I read “Catcher in the Rye”, but all I remember was the main character getting beaten up over a prostitute and I think there was ice skating
If something has corn syrup in it, it should count as a serving of vegetables.

And if it’s beer, it’s a serving of bread. Yay bread!
Except corn is a grain, so have beer instead, still bread group!
I went hunting for high speed quail, and Cheyney shot someone in the face. I blame Bush.
And with a head that big ….
Teach a man to fish and you feed him for a lifetime. Punch him in the face and you shut him up now.
I thought it was “why teach a man to fish when he can go on welfare and eat fish at the Tax Payer’s expense for his lifetime”.
My mom had a cat; he got jealous when she brought me home from the hospital and so he took a leak in the laundry. My father threw him down the stairs. Unfortunately, it landed on all fours, but he did leave the premises.
Cats are as useless as communism.
“I said, you wouldn’t have had much fun in Stalingrad, would you, ha, ha, ha?”
“Not much fun in Stalingrad, no.”
The protagonist, if you can call him that, was most obviously Olbermann.
All I remember from Catcher is an unlikeable story with unlikeable people. Liberals.
I thought the sawe thing about Dana Bash. “She-Hulk smash puiny Oburman. ROWR! ”
Hadji from Jonny Quest was a fan of Zinn. He was always saying “Zinn zinn half-a-bean” or something like that.
Dr.
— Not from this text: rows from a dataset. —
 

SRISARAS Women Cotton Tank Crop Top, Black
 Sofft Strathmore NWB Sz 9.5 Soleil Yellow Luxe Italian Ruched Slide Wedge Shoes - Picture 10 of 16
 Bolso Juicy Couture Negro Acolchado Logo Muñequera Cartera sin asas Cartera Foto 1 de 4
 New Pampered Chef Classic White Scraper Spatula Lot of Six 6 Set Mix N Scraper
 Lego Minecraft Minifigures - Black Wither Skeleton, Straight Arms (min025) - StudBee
Zinn was Dr.Quest’s arch-nemesis, I’m not aware of his literary skills though.
Famous readers of ‘Catcher In The Rye’: Frank J. Fleming, Mark David Chapman, John Hinkley Jr.—Coincidence? I think not!
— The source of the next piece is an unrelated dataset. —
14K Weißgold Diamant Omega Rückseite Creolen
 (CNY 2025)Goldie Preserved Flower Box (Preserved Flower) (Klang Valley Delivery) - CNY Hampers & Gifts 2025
Make a man a fire, and he’ll be warm for a day.
Set him on fire, and he’ll be warm for the rest of his life.
“Never read Zinn, but he seemed like a favorite of pretentious Hollywood types who wanted to think they were smart.”
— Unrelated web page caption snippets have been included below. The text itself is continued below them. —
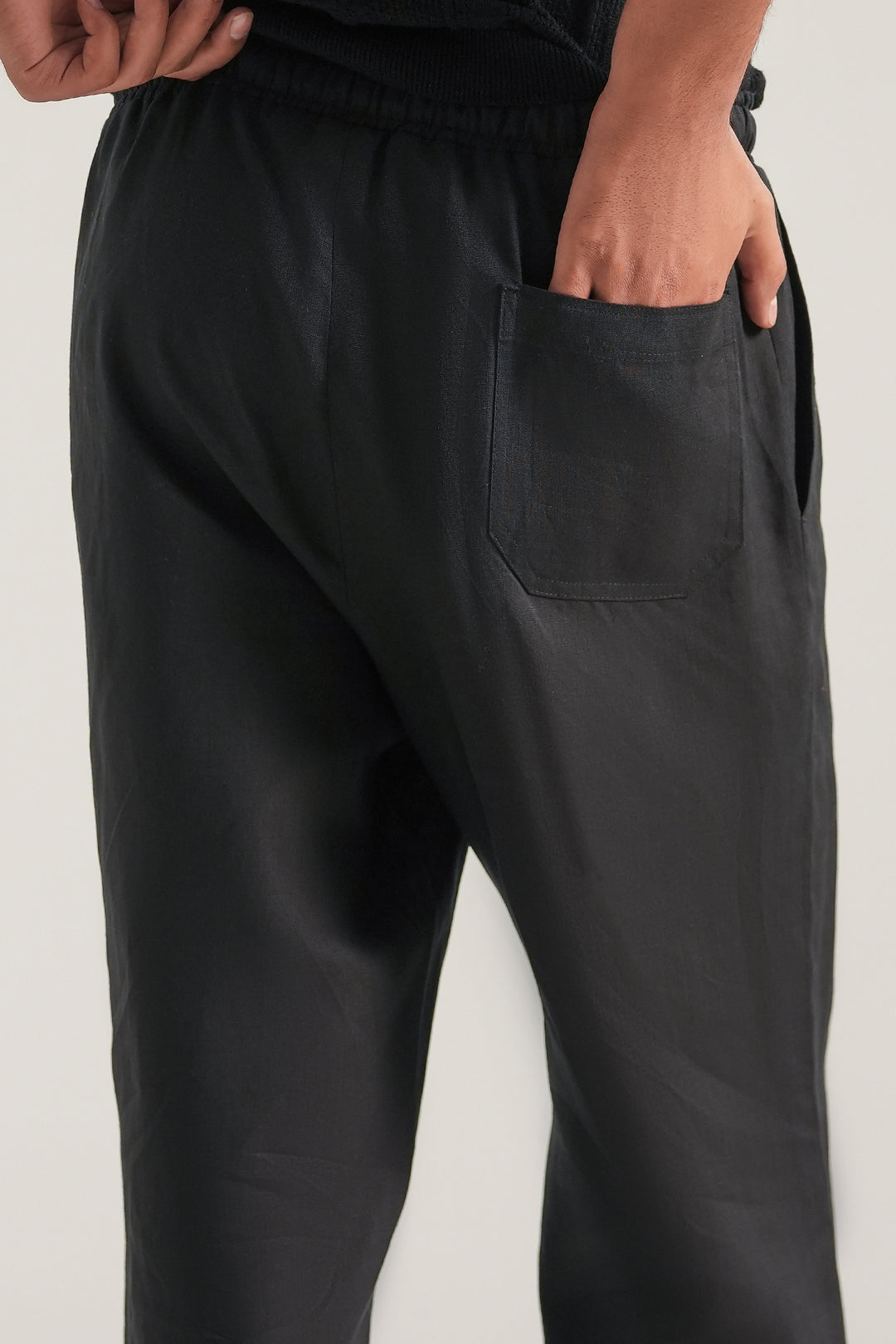 Black Linen Loose Fit Trouser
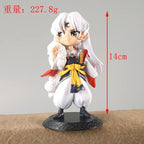 14cm Inuyasha Sesshomaru Kagome Zhuye Kawaii Anime Figure Gk Statue Model Toy Figures Ornaments Collect Office Decorations Gifts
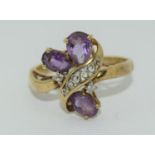 9ct gold ladies Amethyst and diamond sweep ring size R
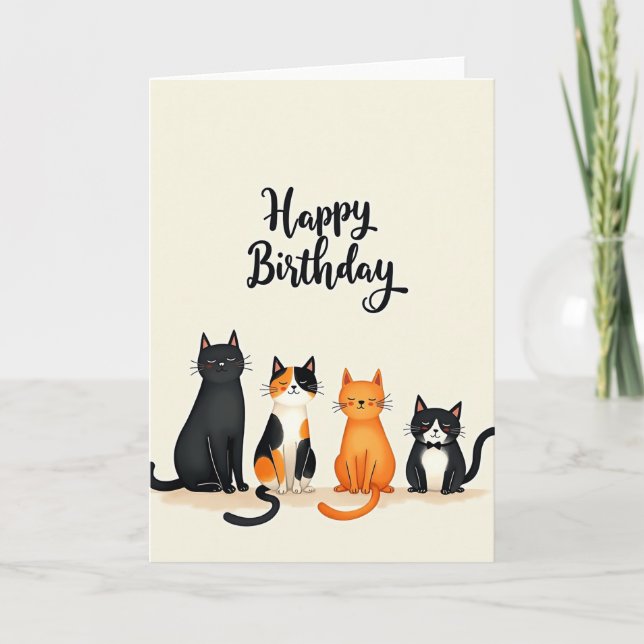 Sweet Kitten Birthday Card (Front)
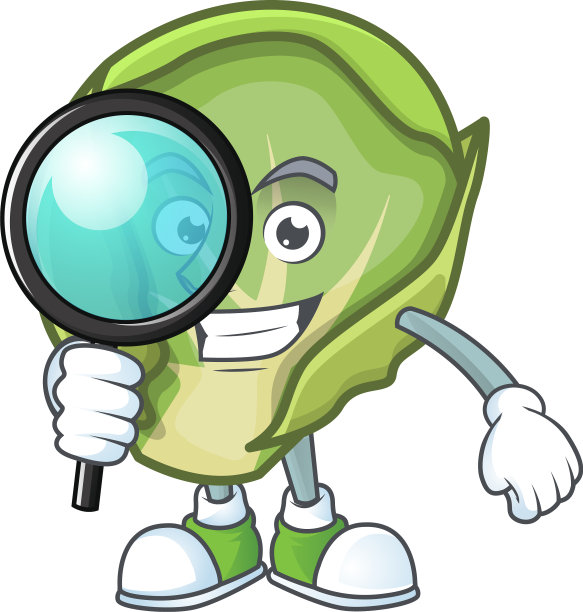 聪明的一眼球芽甘蓝侦探卡通图片下载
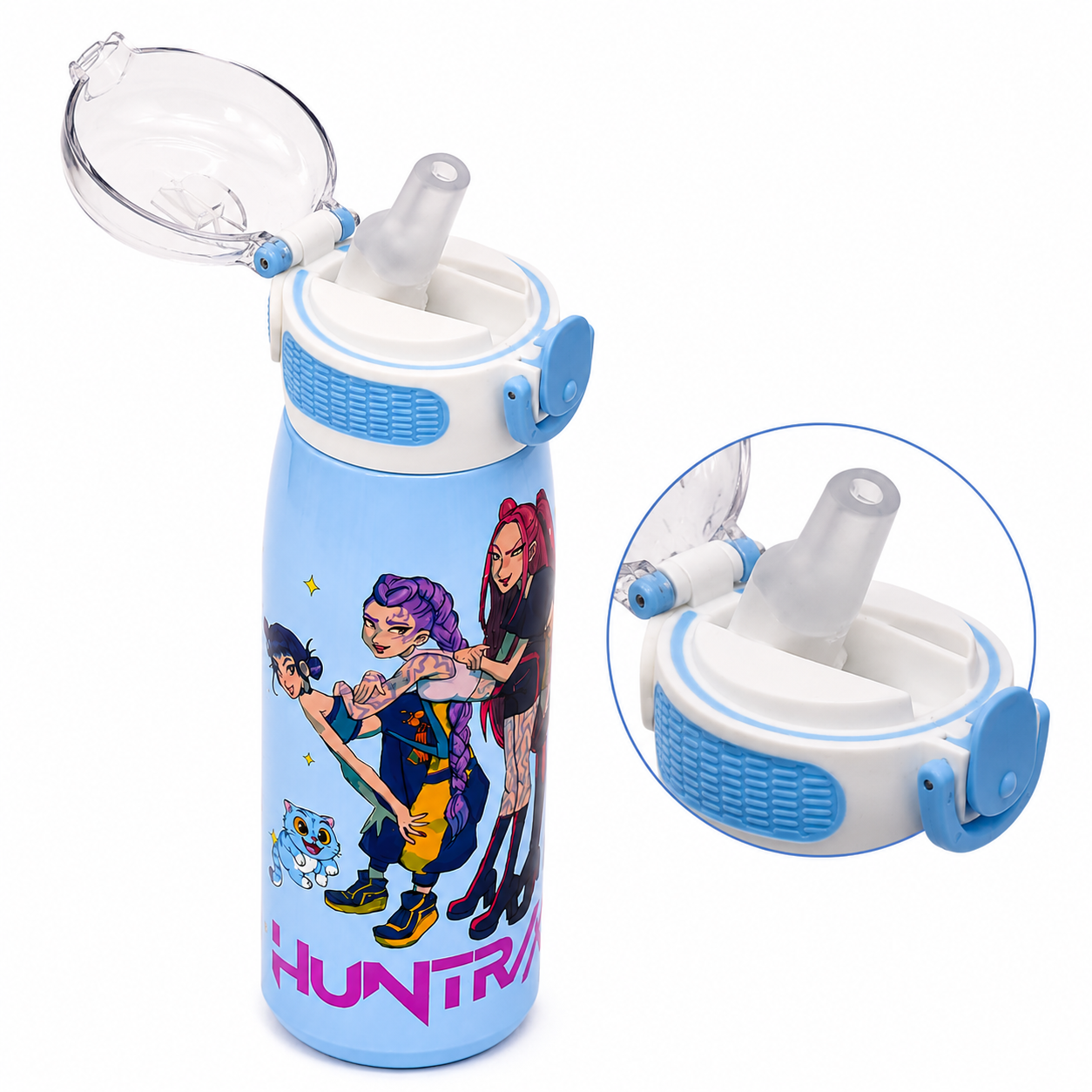 K-Pop Demon Hunters 620ml Vacuum Insulated Stainless Steel Water Bottle with Straw – Blue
Let me save you the trouble. Zinn SPOILER ALERT: It is all America’s fault.
All morons hate it when you call them a moron.
The Catcher in the Rye
Holden Caulfield in Chapter 6….I know I do, Eric Holder, Moronic Atty Gen of the US, Washington DC.
Actually Holden Caulfield is alive and well and has been is living under an assumed name for many years. He eventually entered the sleazy world of big city Democratic politics and now the world knows him as….Dennis Kucinich.
My boy Winston a 30 pound Rag Doll just read Marco’s post. He immediately ran to the scratching post to fine-tune his “little friends”… Come on over, Marco…
Holden Caulfield’s a dork, Catcher in the Rye was a poor piece of literature. I never DID understand why it was so popular. I even read it more than once hoping I’d figure out WHY it was supposed to be so important. I even read it once I grew up, hoping my retrospection would help. Nope, it’s still a suck piece of “essential reading.”
Sucked. Really sucked. I want those hours back.
>>I use my brain for thinking and, when running, ballast.<<
You also use your fat arse…
http://discovermagazine.com/2006/may/tramps-like-us
It’s funny (perhaps annoying) that people especially the feminists are disgruntled with the name of Apple product, iPad. They wonder why Apple doesnt name it iTampon while they are at it. Actually it is not a bad name after all “pad” means many different things.
These whiners are phony if they own Google account or use Google search. Google could imply “GO OGLE” at dat butz!